Friday, April 29, 2011

Clambake (1967, Arthur H. Nadel)

To offer a little insight into the culmination of Elvis's twenty-fifth film, Clambake was the title created by artistic genius Colonel Tom Parker when writers and producers were seeking a title for Presley's twenty-second film, Spinout.  They decided to save it for a hollow project that would later roll down the chutes, devoid of any context, substance or meaning.

Clambake is a paper-thin Prince and the Pauper tale that rings mostly hollow.  Elvis plays Scott Hayward, an entitled millionaire's son who doesn't want to be vice president of daddy's oil company.  After all, he has other interests like playing guitar, racing boats, and apparently (in a surprising reveal to the audience who has seen no evidence of such intelligence and talent) engineers chemical compounds in the lab.  Scott trades places with can't-catch-a-break-in-life-or-love Tom Wilson (Will Hutchins), taking on Tom's role of water-ski instructor while Tom takes on the coveted role of thumbing his nose at everyone.

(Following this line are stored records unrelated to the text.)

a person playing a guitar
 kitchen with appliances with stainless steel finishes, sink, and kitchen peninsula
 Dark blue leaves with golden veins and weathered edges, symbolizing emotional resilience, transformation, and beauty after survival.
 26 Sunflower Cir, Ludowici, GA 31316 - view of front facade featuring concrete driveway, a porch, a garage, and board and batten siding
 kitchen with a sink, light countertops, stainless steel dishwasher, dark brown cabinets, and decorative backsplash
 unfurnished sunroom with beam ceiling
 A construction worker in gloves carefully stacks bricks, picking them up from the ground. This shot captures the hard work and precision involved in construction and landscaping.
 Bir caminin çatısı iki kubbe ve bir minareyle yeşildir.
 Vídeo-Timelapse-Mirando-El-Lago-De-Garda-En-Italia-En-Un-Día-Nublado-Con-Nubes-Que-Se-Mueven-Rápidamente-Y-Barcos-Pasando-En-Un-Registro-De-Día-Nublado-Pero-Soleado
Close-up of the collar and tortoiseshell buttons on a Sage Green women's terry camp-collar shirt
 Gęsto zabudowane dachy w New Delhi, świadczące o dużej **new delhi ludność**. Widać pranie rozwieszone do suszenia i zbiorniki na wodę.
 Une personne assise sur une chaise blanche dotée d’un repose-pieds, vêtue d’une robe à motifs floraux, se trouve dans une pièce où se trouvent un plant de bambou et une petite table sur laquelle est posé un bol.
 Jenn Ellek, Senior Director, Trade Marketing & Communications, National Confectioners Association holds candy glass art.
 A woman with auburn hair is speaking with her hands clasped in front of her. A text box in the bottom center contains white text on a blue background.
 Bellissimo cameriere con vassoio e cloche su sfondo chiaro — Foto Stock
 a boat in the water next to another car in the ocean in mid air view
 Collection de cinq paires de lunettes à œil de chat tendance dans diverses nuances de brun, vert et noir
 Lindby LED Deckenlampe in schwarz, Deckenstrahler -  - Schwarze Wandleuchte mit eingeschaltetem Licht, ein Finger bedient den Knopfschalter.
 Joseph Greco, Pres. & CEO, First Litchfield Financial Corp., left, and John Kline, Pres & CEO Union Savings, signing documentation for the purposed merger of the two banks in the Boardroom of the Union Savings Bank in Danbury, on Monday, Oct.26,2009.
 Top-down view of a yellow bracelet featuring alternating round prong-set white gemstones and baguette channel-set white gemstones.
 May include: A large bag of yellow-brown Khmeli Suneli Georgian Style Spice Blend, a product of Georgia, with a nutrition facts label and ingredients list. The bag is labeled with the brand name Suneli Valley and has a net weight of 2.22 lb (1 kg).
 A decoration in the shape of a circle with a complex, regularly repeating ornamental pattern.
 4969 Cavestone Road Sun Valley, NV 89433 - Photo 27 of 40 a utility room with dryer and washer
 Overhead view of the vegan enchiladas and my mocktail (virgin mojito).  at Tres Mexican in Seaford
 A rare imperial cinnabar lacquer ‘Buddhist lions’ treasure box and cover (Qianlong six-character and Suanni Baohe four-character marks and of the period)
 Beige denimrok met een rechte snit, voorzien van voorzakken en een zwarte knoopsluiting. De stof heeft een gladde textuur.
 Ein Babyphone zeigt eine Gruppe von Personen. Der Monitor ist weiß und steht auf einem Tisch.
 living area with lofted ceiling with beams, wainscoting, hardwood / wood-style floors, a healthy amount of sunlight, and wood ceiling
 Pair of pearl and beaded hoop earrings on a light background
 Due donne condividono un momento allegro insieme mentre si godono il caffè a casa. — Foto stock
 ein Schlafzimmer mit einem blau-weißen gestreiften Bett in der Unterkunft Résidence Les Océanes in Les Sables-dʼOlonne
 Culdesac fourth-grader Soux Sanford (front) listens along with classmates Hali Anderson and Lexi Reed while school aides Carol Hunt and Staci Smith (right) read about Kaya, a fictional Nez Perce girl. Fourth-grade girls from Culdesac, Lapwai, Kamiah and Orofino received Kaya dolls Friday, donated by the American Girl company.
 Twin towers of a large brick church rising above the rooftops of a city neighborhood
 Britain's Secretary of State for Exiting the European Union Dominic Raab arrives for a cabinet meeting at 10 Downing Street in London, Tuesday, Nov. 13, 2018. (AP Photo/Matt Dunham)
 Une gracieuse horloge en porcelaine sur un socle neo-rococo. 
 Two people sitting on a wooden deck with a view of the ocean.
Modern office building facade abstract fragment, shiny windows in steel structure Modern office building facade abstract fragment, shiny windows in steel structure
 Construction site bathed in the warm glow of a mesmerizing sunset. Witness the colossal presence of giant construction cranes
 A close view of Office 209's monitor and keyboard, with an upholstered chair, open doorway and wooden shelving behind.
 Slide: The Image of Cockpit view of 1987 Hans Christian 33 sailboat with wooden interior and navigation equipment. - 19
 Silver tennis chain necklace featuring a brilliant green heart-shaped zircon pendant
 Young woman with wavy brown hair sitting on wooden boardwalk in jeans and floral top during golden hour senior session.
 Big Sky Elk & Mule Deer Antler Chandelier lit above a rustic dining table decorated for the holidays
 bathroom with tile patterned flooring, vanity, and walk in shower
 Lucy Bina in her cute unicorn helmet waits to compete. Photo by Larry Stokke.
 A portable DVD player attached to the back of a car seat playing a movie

The options of moral seem pretty straightforward in such a setup; Scott could learn the value of workmanship and share in the plight of the common man, Tom could learn that "privilege" isn't all it's cracked up to be, the audience could learn the folly of hasty judgments based on appearance.  There is a reason tried and true themes recur in narratives, but Clambake is unsure of these reasons.  Scott has little to learn because he is already a golden child.  He is a winner with the ladies with or without money, has the privilege to run away from home and the skill, looks and intelligence to give him no reason to return home.  Tom is a pauper with everything to gain and no lesson to learn:  luxury isn't a curse and he doesn't learn the value of honest work.  The whole swap is a selfish trick that only affects Scott's love interest, Dianne (the beautiful Shelley Fabares), so Scott can be sure that the love isn't through green-colored glasses.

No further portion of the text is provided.